- Mount Bombalai Location within Malaysia

Highest point
- Elevation: 531 m (1,742 ft)
- Prominence: 212 m (696 ft)
- Coordinates: 4°23′41″N 117°52′35″E﻿ / ﻿4.39472°N 117.87639°E

Naming
- Native name: Gunung Bombalai (Malay)

Geography
- Location: Tawau Division, Sabah, Malaysia

Geology
- Last eruption: Holocene

= Mount Bombalai =

Mountain in Malaysia

Mount Bombalai (Gunung Bombalai) is a volcanic cone mountain in the Tawau Division of Sabah, Malaysia. It reaches a height of approximately 531 m.

== Geology ==
The mountain is part of the Tawau volcanic field which contributed to the prominent topographic features of the Semporna Peninsula in northeastern Borneo and the western side of a valley in its middle section.
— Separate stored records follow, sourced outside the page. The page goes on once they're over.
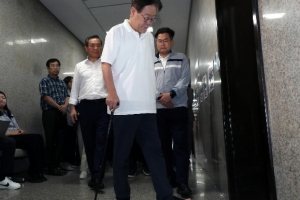 본회의 보고된 체포동의안…檢, 이재명 항변 10가지로 나눠 조목조목 재반박
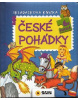 České pohádky - Skládačková knížka (Dita Křišťanová)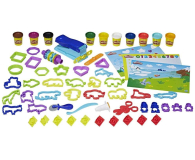 Play-Doh Zestaw przedszkolny - 1026607 - zdjęcie 2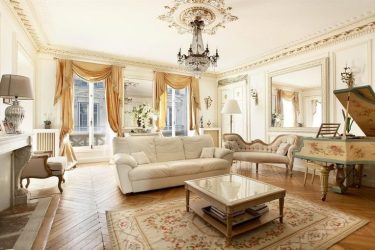 Móveis para a sala de estar em estilo moderno (mais de 115 fotos): Tudo o que você precisa saber para criar um design elegante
The low volcanic cone is north of Sebatik Island and has a roughly 300-m-wide crater breached to the south. Two young lava flows extend almost to the coastal plain. The flows are considered younger than a lava flow radiocarbon dated at about 27,000 years before present, and the extrusion of basaltic lavas possibly continued into the Holocene epoch. Presence of geothermal activity has been reported in the surrounding mountains.